Ten years ago, one of these guys, Dr. Peter Diamandis, created the Ansari X Prize to take up some of the slack. The prize was a $10 million purse for the first group to launch a privately funded craft to the edge of space, an altitude of just over 62 miles. Just to make sure that the ship was reusable, the trip had to happen twice. In a certain community this is the Geek Olympics. As you probably know by now, Burt Rutan, an engineering wunderkind whose other aircrafts hold plenty of world records, won it by putting an astronaut into suborbital space, not once in a blue moon, but twice in two weeks, at a cost equivalent to what NASA spends on coffee. A historic victory, but Diamandis created the X Prize to jump-start a new space race, and one man does not a revolution make. So the question remains: What’s next?


 


Next, at least according to just about every expert you can find on the subject, including quite a few who work for NASA, is a radical shift in perception. The X Prize is the dawning of the Age of Aquarius, aerospace style. “Its success altered the perceptions of what a small group of developers can do,” says X Prize judge Dezso Molnar. “Twenty years ago, I worked with a team, trying to build a small, reusable spaceship. Everyone laughed at us. They said if NASA couldn’t do it, then it couldn’t be done. Well, now it’s done, and NASA didn’t do it.”

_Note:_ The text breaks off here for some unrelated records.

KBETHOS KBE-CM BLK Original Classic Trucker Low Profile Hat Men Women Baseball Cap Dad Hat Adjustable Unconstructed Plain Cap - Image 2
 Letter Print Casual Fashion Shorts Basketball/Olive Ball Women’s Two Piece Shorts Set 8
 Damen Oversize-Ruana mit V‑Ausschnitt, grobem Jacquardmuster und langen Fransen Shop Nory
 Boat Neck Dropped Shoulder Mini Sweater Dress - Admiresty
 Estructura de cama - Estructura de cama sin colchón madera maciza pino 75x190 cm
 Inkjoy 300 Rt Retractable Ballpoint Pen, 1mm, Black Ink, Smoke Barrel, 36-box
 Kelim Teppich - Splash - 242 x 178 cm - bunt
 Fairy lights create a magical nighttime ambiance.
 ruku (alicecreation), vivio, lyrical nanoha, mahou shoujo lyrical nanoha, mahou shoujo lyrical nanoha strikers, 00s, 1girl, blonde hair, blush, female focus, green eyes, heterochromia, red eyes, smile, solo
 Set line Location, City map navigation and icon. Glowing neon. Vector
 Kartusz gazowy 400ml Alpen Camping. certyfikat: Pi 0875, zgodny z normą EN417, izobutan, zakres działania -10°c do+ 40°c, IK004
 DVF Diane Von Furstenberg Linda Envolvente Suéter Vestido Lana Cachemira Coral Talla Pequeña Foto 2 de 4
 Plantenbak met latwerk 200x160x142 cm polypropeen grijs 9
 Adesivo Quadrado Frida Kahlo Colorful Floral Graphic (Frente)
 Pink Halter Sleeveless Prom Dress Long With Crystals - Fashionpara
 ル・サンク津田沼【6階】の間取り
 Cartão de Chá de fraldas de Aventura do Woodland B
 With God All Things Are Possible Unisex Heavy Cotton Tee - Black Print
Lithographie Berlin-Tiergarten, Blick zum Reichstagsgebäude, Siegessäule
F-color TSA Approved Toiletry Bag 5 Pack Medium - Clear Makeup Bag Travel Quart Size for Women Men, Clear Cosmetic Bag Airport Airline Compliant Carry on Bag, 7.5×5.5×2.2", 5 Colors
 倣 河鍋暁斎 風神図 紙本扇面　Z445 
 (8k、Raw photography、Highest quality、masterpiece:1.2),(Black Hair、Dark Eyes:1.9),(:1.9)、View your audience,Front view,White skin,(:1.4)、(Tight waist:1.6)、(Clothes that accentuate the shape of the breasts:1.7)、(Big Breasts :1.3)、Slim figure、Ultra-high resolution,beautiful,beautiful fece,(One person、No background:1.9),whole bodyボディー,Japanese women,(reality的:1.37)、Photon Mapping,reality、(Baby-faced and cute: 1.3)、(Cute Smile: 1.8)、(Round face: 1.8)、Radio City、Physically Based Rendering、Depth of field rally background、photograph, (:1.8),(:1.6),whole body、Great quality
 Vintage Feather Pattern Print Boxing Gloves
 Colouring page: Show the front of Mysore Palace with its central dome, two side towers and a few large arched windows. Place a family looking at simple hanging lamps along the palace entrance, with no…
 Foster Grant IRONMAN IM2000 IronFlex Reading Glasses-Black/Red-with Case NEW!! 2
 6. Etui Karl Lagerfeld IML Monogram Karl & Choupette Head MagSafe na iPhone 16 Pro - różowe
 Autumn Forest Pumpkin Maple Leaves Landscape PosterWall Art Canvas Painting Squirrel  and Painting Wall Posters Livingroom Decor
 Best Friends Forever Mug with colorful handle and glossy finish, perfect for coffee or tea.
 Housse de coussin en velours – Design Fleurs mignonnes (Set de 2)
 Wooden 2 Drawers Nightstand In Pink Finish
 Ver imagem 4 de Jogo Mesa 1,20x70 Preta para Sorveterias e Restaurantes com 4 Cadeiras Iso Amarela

And those altered perceptions immediately manifested in something that has been sorely lacking: investment capital. Nearly everyone involved, all those backyard mechanics and wistful whiz kids, have long known that space is a money game, and right now their road to the moon travels through the corporate boardroom. So next — in the great tradition of American capitalism — belongs, at least for the moment, to 7-Up.


A few hours after the X Prize was won — and looking to promote their new tag line (“because Up is the only way to go”) — the soft-drink company announced arguably the best potluck giveaway in the history of potluck giveaways: a chance to win the first free ticket into outer space. Inside a smaller core group there’s hope that this cash influx spreads farther than the Isle of Burt Rutan. That’s because 25 other teams, from seven other nations, and often at enormous personal expense, were entered into the X Prize. Out of those, figures X Prize team coordinator David Knight, somewhere around 14 have the technical know-how to pull off a launch, if they could only find the funds. Argentinean Pablo de León conceded victory long ago. “When you have competitors like Rutan,” he says, “with all that experience and all that access to money, winning was never really a possibility. But what’s winning when you’re talking about the evolution of mankind? What Rutan’s victory did was alert the rest of the world that tomorrow begins today.”


To many involved, the most important part of tomorrow beginning today is about making space accessible to everyone, but for others it’s about establishing market dominance in a soon-to-arrive burgeoning off-world economy. “This is going to come down to fisticuffs for ticket prices into space,” says Geoff Sheerin, founder of the Canadian Arrow team. Sheerin’s still planning on launching his ship, an updated version of Churchill’s old nemesis, the V-2 rocket, sometime next year.


And just to make sure these remaining Prize competitors stay in the hunt, Diamandis recently announced his next foray, the X Prize Cup, a new competition destined to send Robot Wars and Pimp My Ride to the dustbin of nerd TV. Cup contestants, flying their garage-built spaceships, compete in five categories: fastest turnaround time between launches; maximum altitude; fastest flight time; maximum number of passengers per launch; total number of passengers per competition. And barring the kind of prime-time maiming that could come from flying large numbers of human passengers in experimental spaceship contests, Diamandis’ plan seems certain to keep the momentum going.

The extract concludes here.